[Opening EXERCISE MATERIALS section]
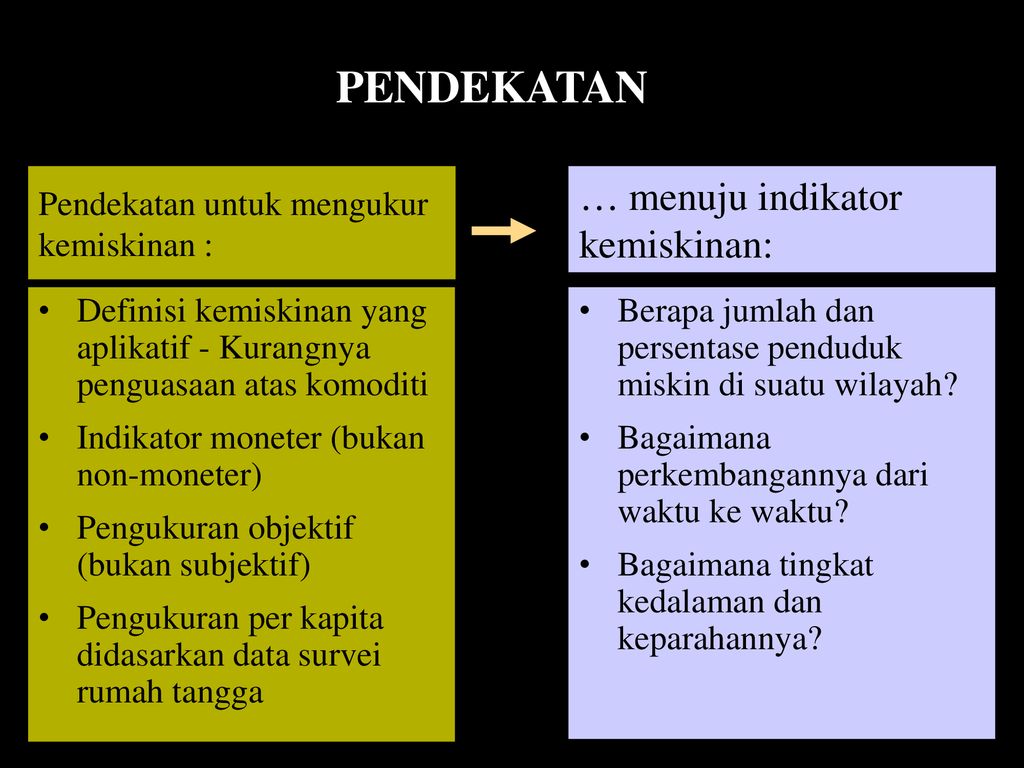 TOPIK Konsep Kemiskinan Metode Penghitungan Penduduk Miskin (Moneter ...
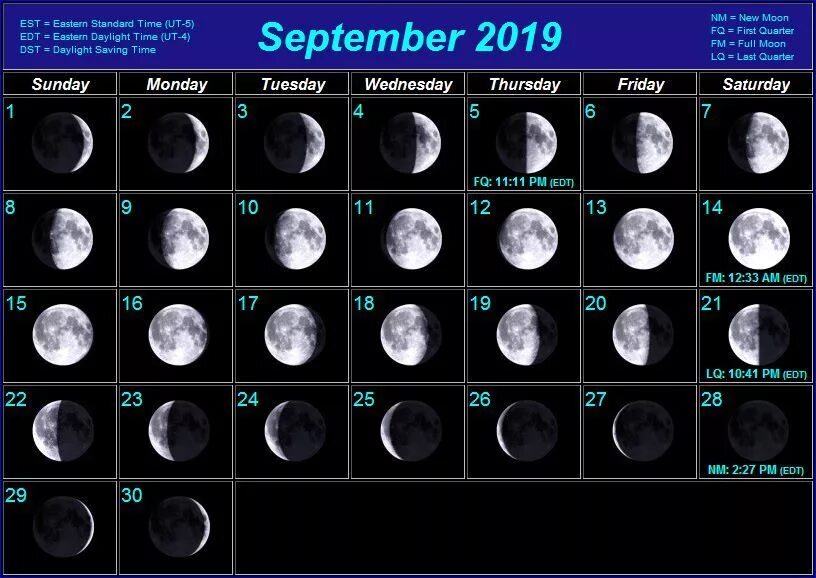 Во сколько сегодня будет луна. Moon phases Lunar Calendar 2022 год. Фазы Луны май 2022. Фаза растущей Луны. Фаза Луны сегодня 2022.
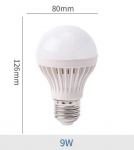 Lampă LED cu cleme tip crocodil  12V 9W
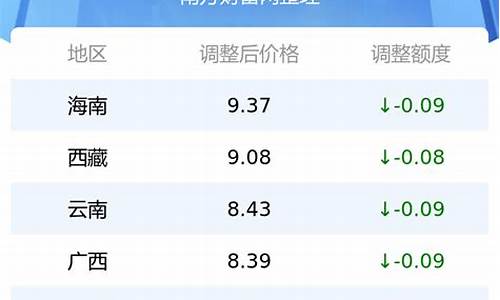 西昌最新油价动态分析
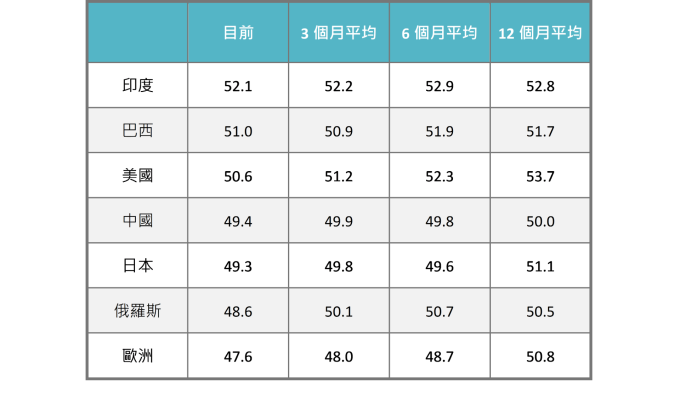 資料來源:Bloomberg,2019/7/4。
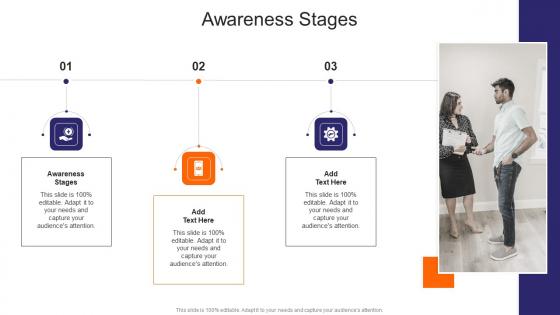 Awareness Stages In Powerpoint And Google Slides Cpb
[Closing EXERCISE MATERIALS section]
**ASSIGNMENT**
Pictures stay out. Print the lines of the records above exactly, from the first through the one with "資料來源:Bloomberg,2019/7/4。".

**THE COMPLETED TASK**
 TOPIK Konsep Kemiskinan Metode Penghitungan Penduduk Miskin (Moneter ...
 Во сколько сегодня будет луна. Moon phases Lunar Calendar 2022 год. Фазы Луны май 2022. Фаза растущей Луны. Фаза Луны сегодня 2022.
 Lampă LED cu cleme tip crocodil  12V 9W
 西昌最新油价动态分析
 資料來源:Bloomberg,2019/7/4。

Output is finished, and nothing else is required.